Dray isn’t someone who should start. He’s not a quality #2 guy. But he’s a decent #3– especially if you get a real bone-crunching blocker as the backup to Gary Barnidge.

Until the Browns obtain two people who can play better than Dray, they have no business cutting him. They’re opening a hole and hoping that Randall Telfer (whom they took last year in the sixth round) can stay healthy and play well. Both are unlikely to happen.

Johnson Bademosi played 169 snaps last year– about 150 more than I’d want to see. But if the alternative is playing a safety– as they were forced to– you keep him. They’re figuring Charles Gaines, K’Waun Williams and Ifo Ekpre-Olomu can do just as well. All are injury risks.

If they re-sign everyone, they won’t be able to add anyone.

It is always cheaper to retain employees than to hire new ones. Anyone in business understands that. Plus, the Browns are such a terrible team that they have to pay more than better teams.

This is an ongoing problem, which comes from constantly hiring people who aren’t experienced at their jobs, but imagine that they’re really smart. A new front office comes in, looks at tape of the players and their contracts and says “This guy is ridiculously overpaid, given his production. If we get rid of him, we’ll save money– and we can probably get get a better player.”

So they dump these guys. Then they try to recruit free agents and discover that:

  1. None of them want to come to Cleveland, because the team never wins, and they rarely put players in a position to shine.
  2. If the player is any good, other teams want him. Because everyone can offer a better shot at the playoffs, they can pull him away for less money.
  3. Some teams will be desperate for help at a spot, be willing to overspend and drive up the market.

An experienced GM or assistant GM would know this, because their old team would have beaten Cleveland to players repeatedly, or lost out to a desperate GM. But Tom Heckert, Joe Banner or Snapchat Ray Farmer– or the current novices– never have a clue.
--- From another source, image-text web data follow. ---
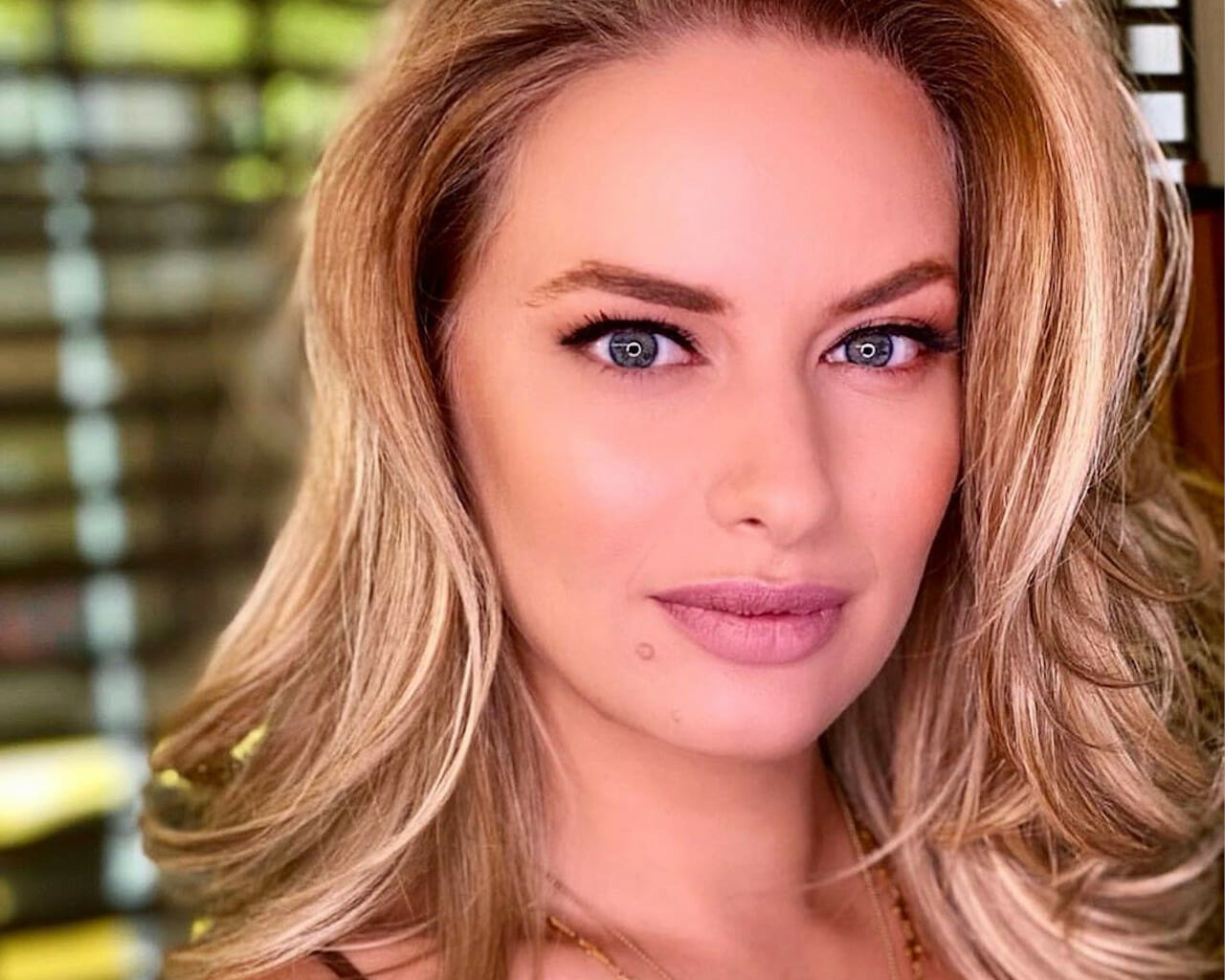 Ντόρα Μακρυγιάννη: Η κακοποιητική σχέση που βίωσε σε ηλικία 16 χρονών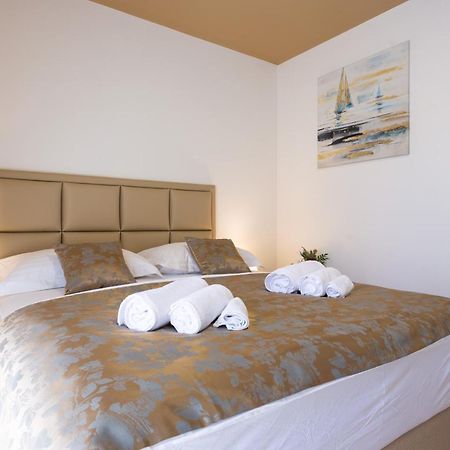 Luxury Rooms Fetivi スプリト エクステリア 写真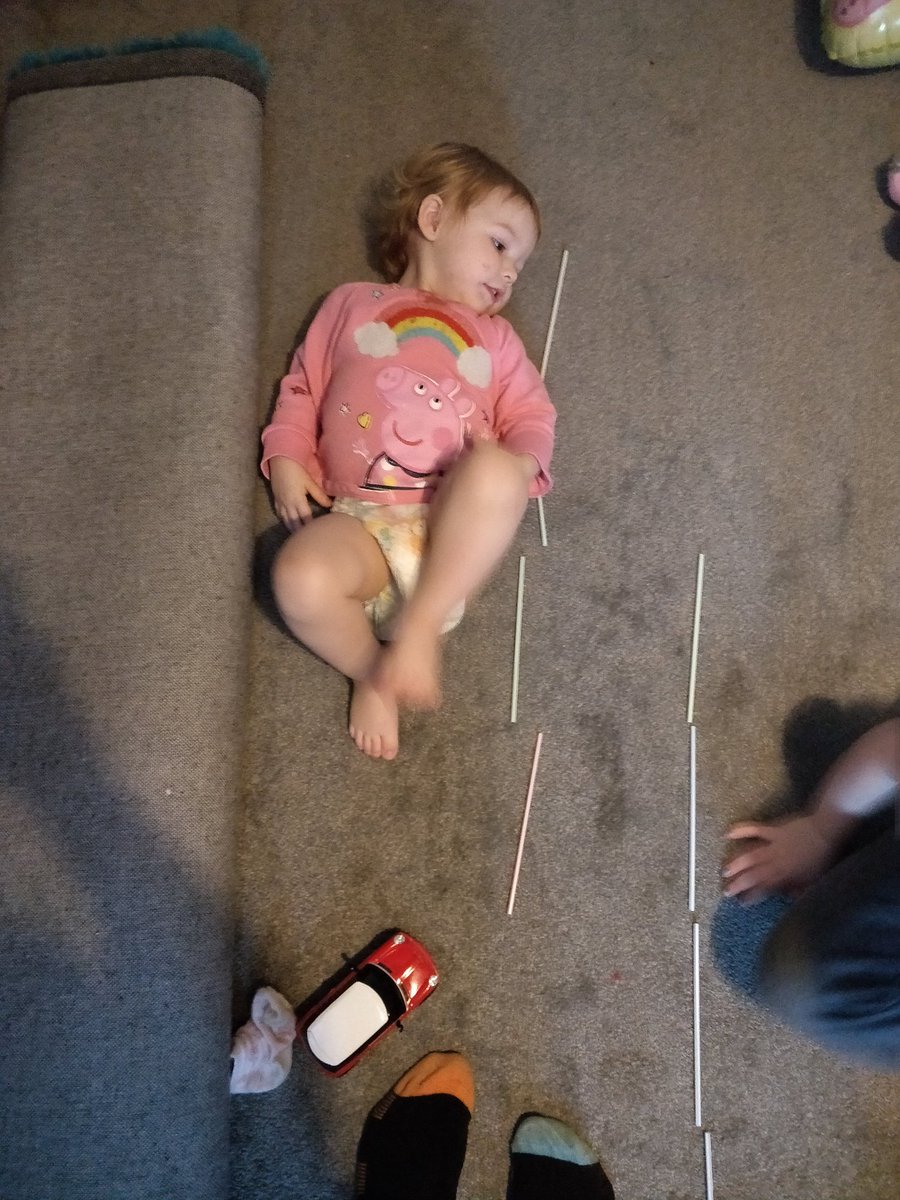 Wotherspoon23's tweet photo. Measuring the night of me and my sister with straw's I was 6 straws and my wee sister Olivia was 4 straws @P2and1DMorayPS @MorayPS #mathsweek2018 https://t.co/KPrWUyov5a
So the Browns have to pay 30-50% over market, and guarantee most of it. That’s how Andrew Hawkins ended up getting $13.6 million over four years, with $6.8 million (50% of the money) guaranteed– even though he was coming off a season where he played 118 snaps and caught only 12 passes. The players who were worth $14 million would have cost Cleveland $21 million.

Rumor has it the Browns want Mohamed Sanu. Spotrac estimates his market value at $4.3 million a year– $17.2 million over four years. A team like the Steelers or the Jets– one with a future– might be able to get him for that. But if the Browns want him, I’d guess it will cost $25 million over 4 years, with $12-17 guaranteed.Just as the front office figures out what is going on, they get fired. Then the process repeats.

Are there people you’d like to see them sign?

Yes. But the odds that they can get any of those players are so remote that I might as well compile a list of supermodels I’d like to date. It’s simpler to see what happens.